Segundo o CEO João Vitor Menin, a execução vai priorizar aumento da penetração de crédito, expansão da base de depósitos e mais clientes usando o Inter como instituição financeira principal. A companhia aposta em três pilares para isso: o Super App, o cruzamento massivo de dados gerados pela plataforma e a assistente de inteligência artificial Seven, que promete interações mais proativas e ofertas personalizadas.

O anúncio ocorre em um contexto macro exigente, com a Selic elevada e volatilidade internacional. O diretor financeiro do grupo vê oportunidades nesses movimentos, mas o movimento para priorizar rentabilidade traz desafios operacionais: ampliar crédito em cenário de juros altos requer controle rígido de risco e pode pressionar margens se a competição intensificar a oferta.
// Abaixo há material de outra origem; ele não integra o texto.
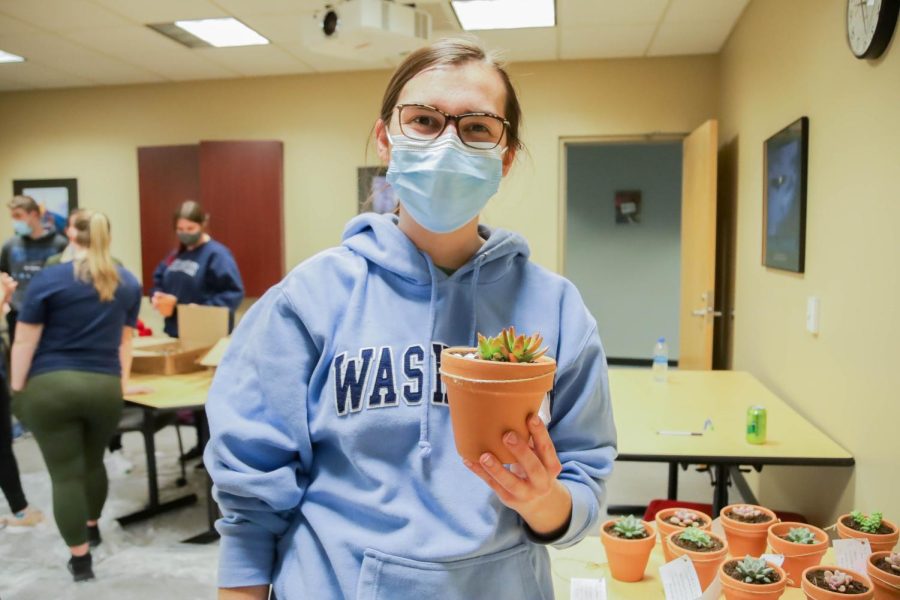 Kari Edelman, a freshman business major, displays her finished succulent pot. Edelman enjoyed the new activity.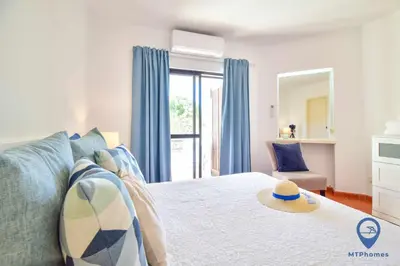 a bedroom with a bed with a hat on it at Balaia Golf by MTPhomes in Albufeira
Editorialmente, a 'Rule of 50' é um sinal claro ao mercado de que o Inter muda a ênfase da escala pura para equilíbrio entre expansão e lucro. Se bem executada, pode melhorar a percepção de governança e suportar valorização; se não, expõe a empresa a risco de deterioração de ativos e desapontamento de investidores. Nos próximos trimestres, indicadores como ROE, crescimento de depósitos, evolução da carteira de crédito e níveis de inadimplência serão os parâmetros decisivos para avaliar se a meta de 50% é realista.